ボクサーとしての限界ギリギリまで現役を続けたロハス…。
世界のベルトを2度も獲って、でも世界戦では勝ったり負けたり…
彼が目指したものは最強の証明ではなかったはず。

一部の国を除いた外国人選手にとって、来日するってことは実は凄く儲かったりします。
為替レートの意味もありますし、ランキングやベルトを持ってればその額は大きくなりますし…。
9度も来日して不利な敵地で戦ったってことは、ある意味、飯を食う為に戦ってたのかもしれません。

だからこそ、ベルトに執着し、勝利に執着した。
ボクシングがダメだったら他のことすればいいや…なんて思ってないんですよね。
 

彼が敗北した時に見せる子供が泣き出す時のような表情は、
ほんとにボクシングだけしかない人間…そんな感じがするんです。

僕は、最も好きなボクサーの名前を聞かれると、必ずロハスの名前を上げます。
そして、ロイヤル 小林(国際)の名言も合わせて…

「正々堂々、スポーツマンシップは夢物語。
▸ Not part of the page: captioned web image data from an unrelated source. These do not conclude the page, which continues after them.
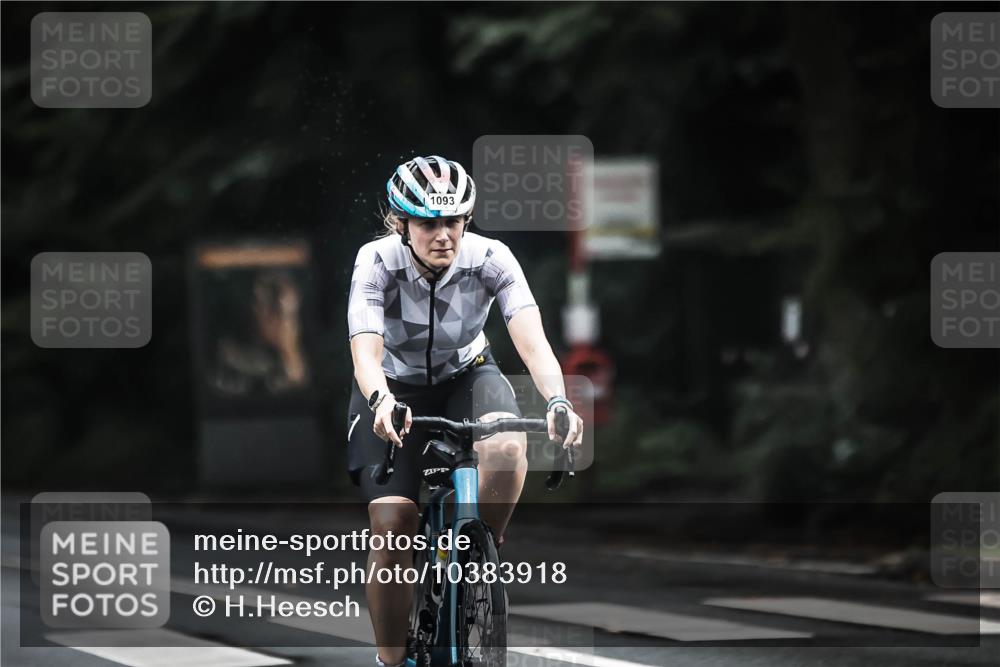 13.09.2026 - Stadtparktriathlon H.Heesch http://msf.ph/oto/10383918 13.09.2026 12:33:50 Radfahren 1008, 1086, 1093, 1099, 1117, 1131 meine-sportfotos.de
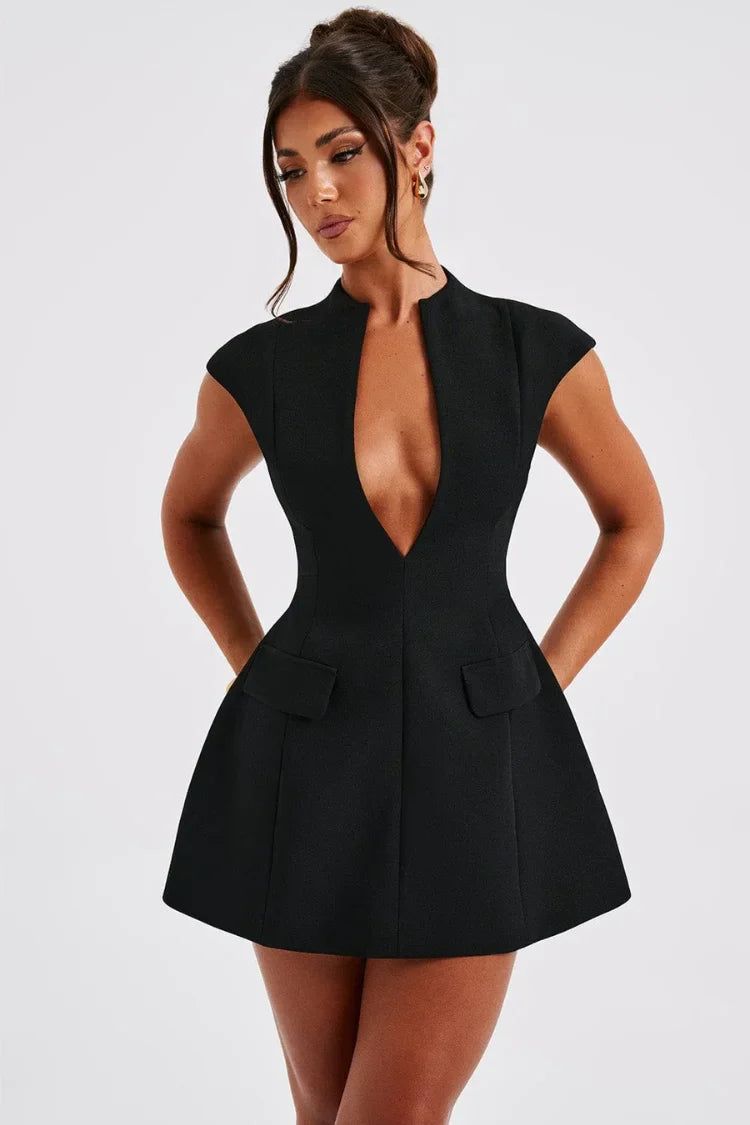 Vestido Estruturado com Decote Profundo – Modelo Olivia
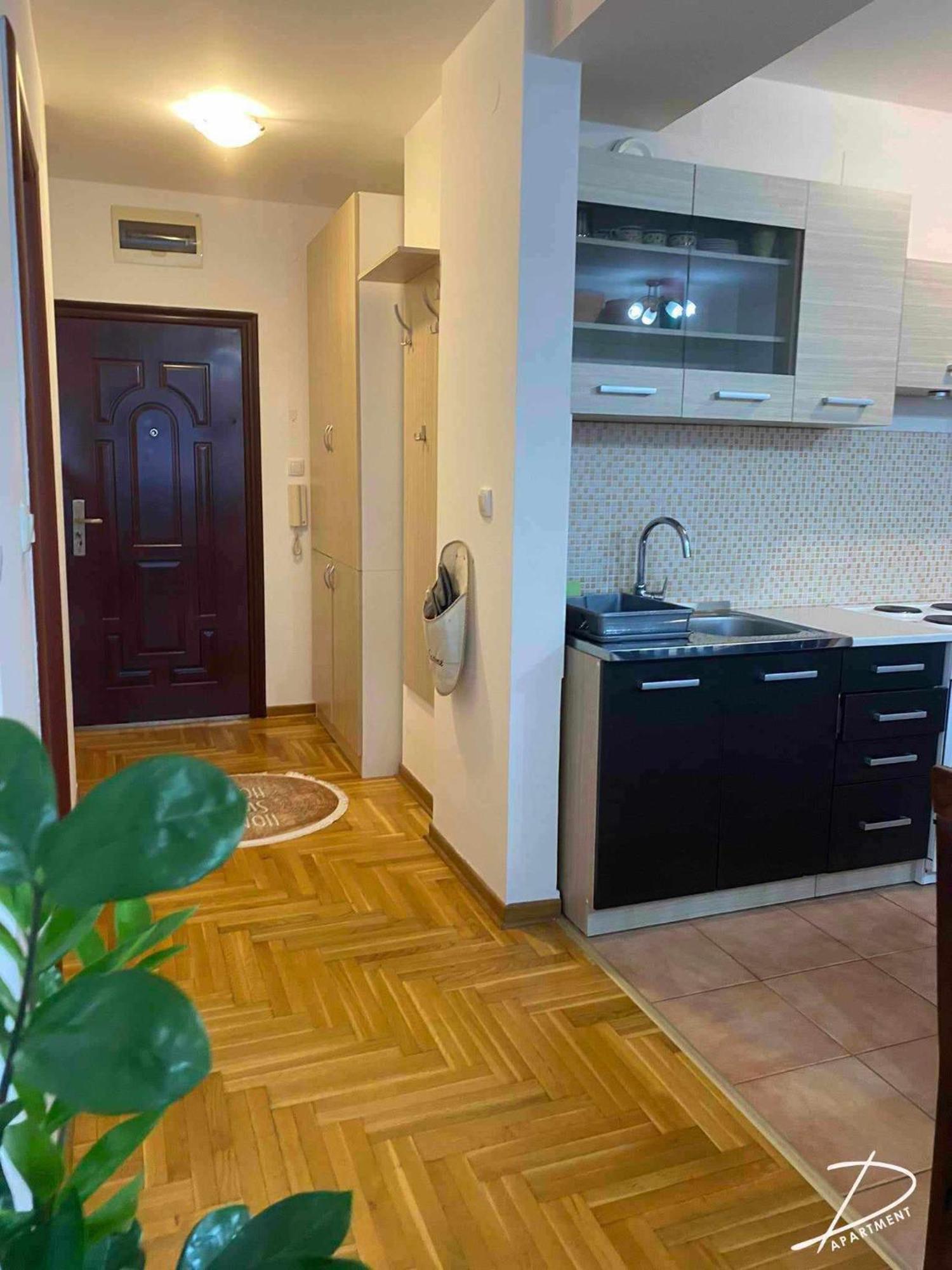 D Apartment Free Private Parking Fast Wi-Fi Novi Sad Extérieur photo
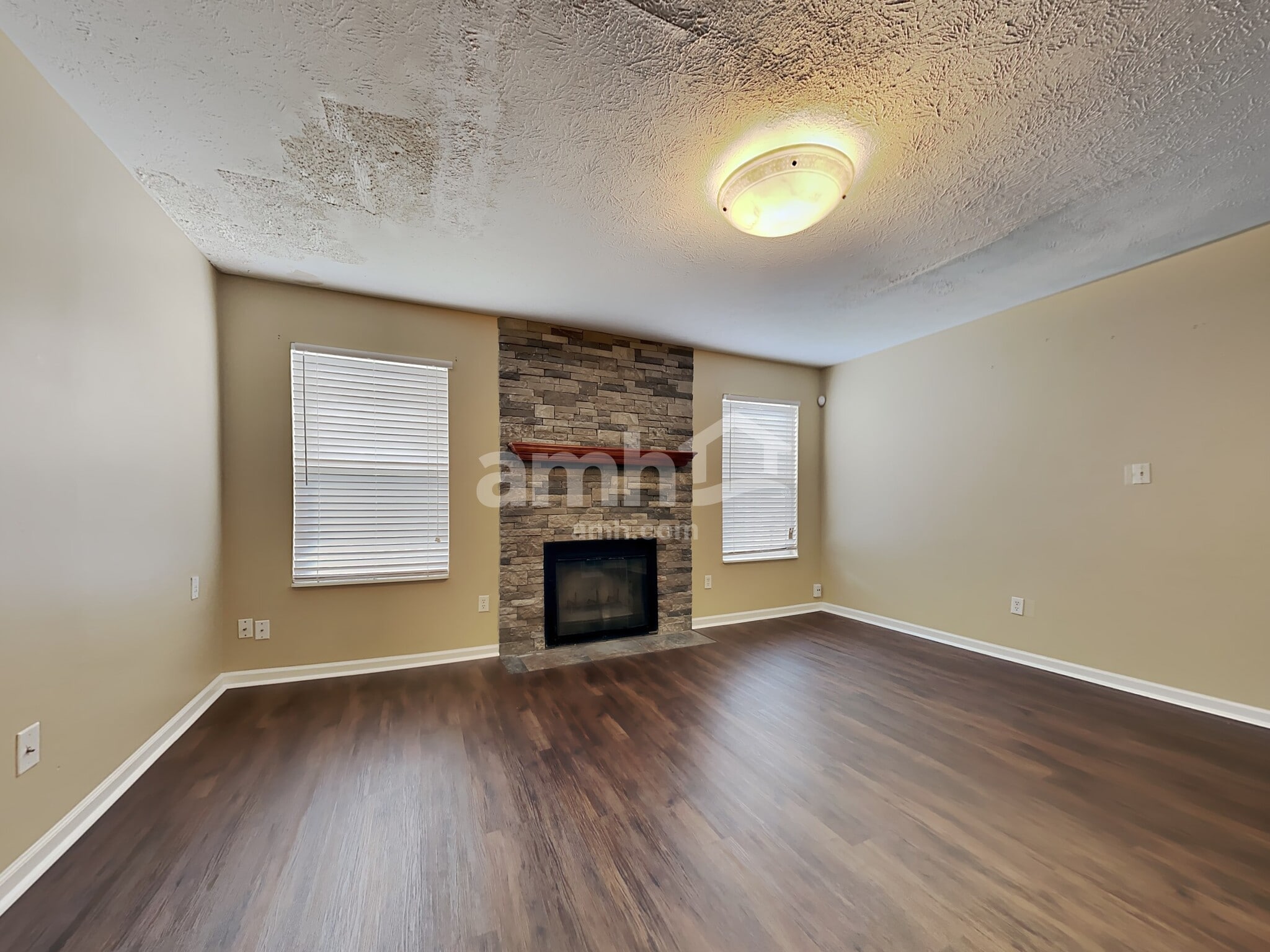 Building Photo - 6351 Hollingsworth Dr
勝つために何でもするのがプロ」

↑レパード 玉熊の回でも書いてましたね。
 でも好きな言葉なんで何度でも書きます。
 

爽快なKOも、華麗なアウトボクシングも好きです。
でも、負けられない、勝ちたい…そんな両者の思いが入り混じって、もみくちゃになるドロ試合も大好きです。

ん~…伝わるかなぁ…。
伝わればいいなぁ…。

楽しめない試合なんて、そうそうないんじゃないかと思うんですよ。
それが言いたかった。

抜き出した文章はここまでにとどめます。